-- THE INPUT --
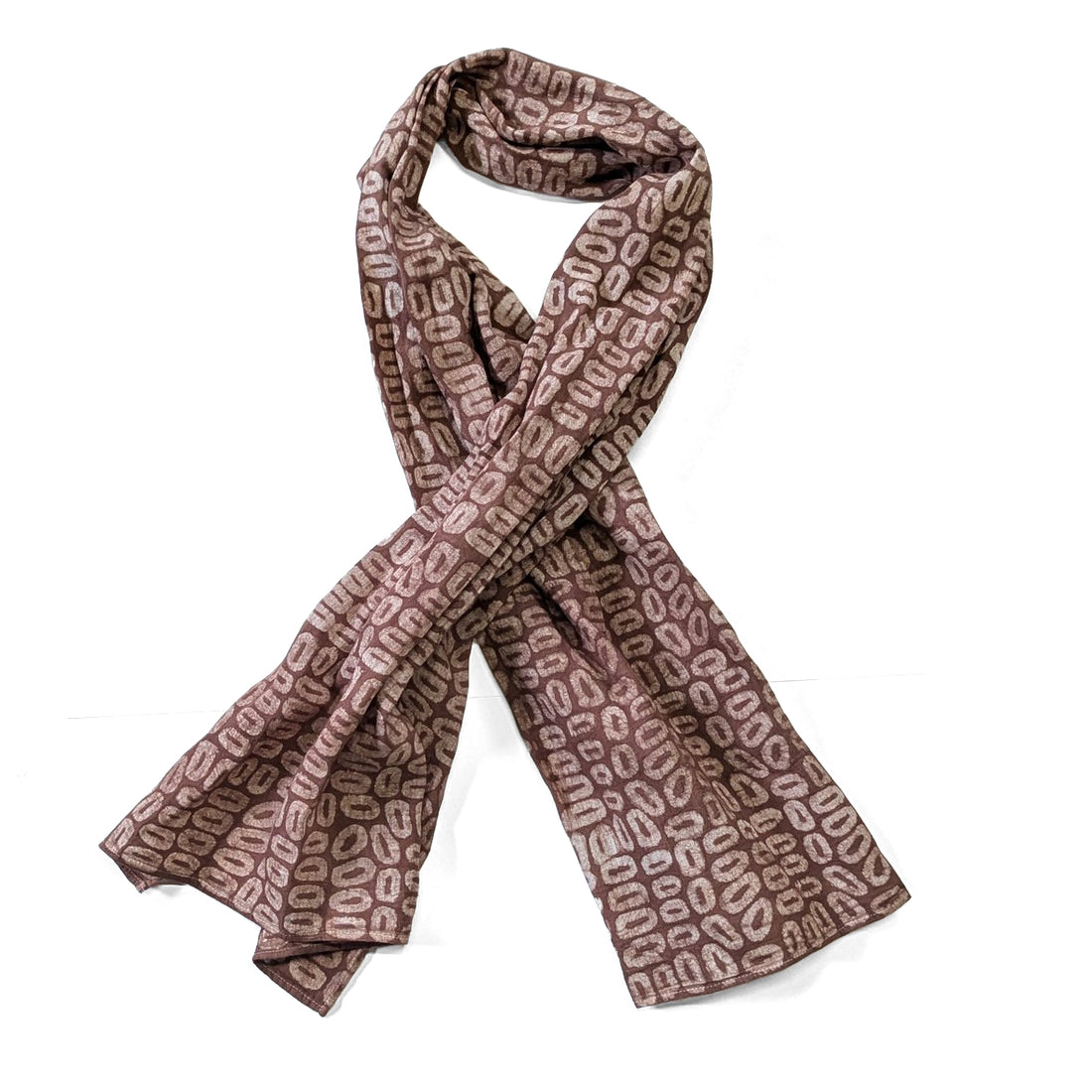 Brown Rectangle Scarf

...

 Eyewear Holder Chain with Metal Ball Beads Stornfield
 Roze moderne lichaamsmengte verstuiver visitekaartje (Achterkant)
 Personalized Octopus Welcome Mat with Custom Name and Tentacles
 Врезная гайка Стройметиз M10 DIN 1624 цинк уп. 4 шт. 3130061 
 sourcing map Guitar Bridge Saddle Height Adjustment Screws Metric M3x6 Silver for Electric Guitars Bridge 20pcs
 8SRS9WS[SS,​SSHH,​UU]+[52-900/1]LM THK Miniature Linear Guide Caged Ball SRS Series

...

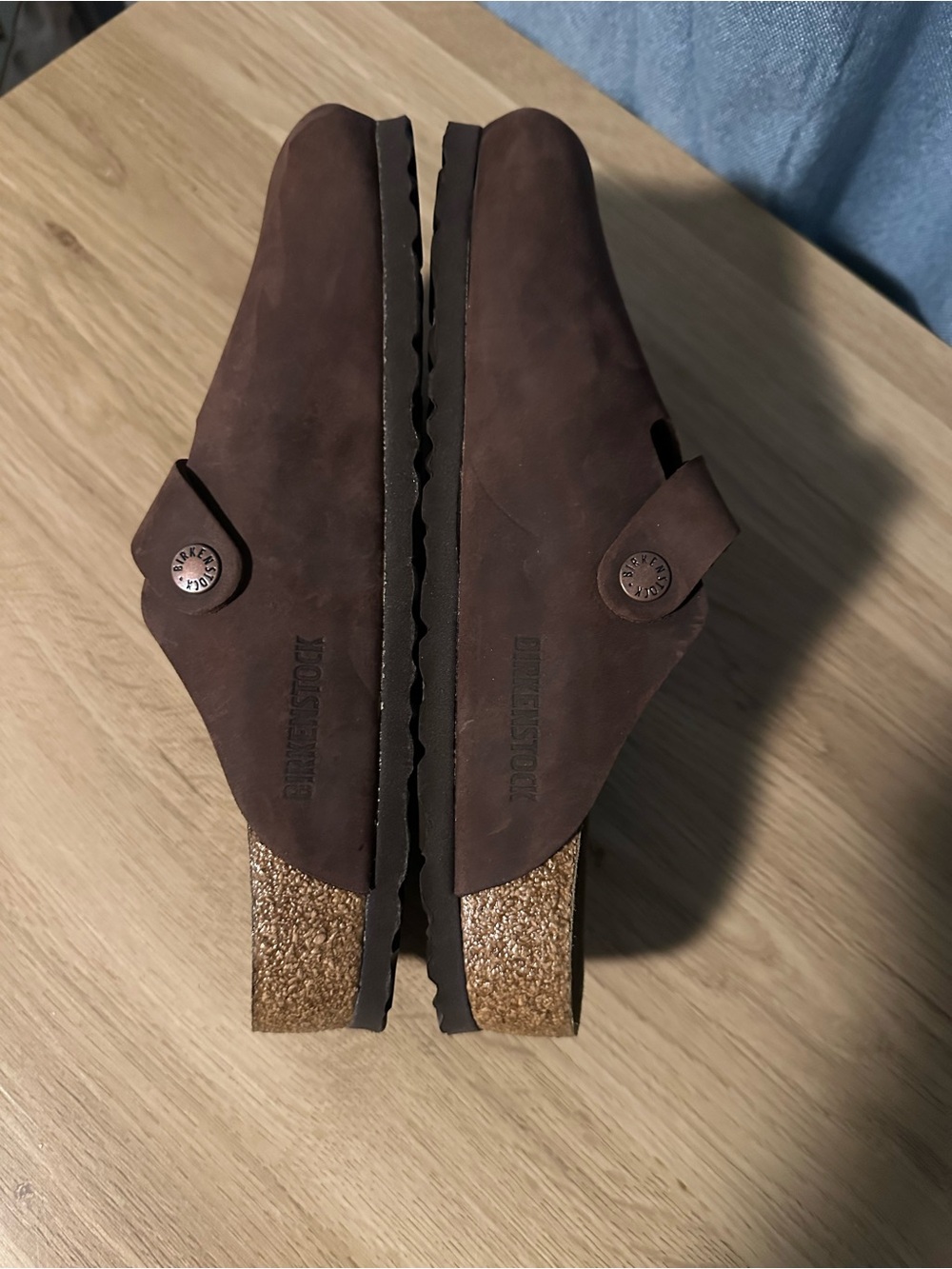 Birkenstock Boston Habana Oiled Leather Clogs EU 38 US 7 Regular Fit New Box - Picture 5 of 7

-- WHAT NEEDS TO BE DONE --
Which lines run from the one holding "Eyewear Holder Chain" through the one holding "8SRS9WS[SS,​SSHH,​UU]+[52-900/1]LM THK Miniature" in the records above? Repeat them exactly, both included, and nothing more.

-- COMPLETED EXERCISE --
 Eyewear Holder Chain with Metal Ball Beads Stornfield
 Roze moderne lichaamsmengte verstuiver visitekaartje (Achterkant)
 Personalized Octopus Welcome Mat with Custom Name and Tentacles
 Врезная гайка Стройметиз M10 DIN 1624 цинк уп. 4 шт. 3130061 
 sourcing map Guitar Bridge Saddle Height Adjustment Screws Metric M3x6 Silver for Electric Guitars Bridge 20pcs
 8SRS9WS[SS,​SSHH,​UU]+[52-900/1]LM THK Miniature Linear Guide Caged Ball SRS Series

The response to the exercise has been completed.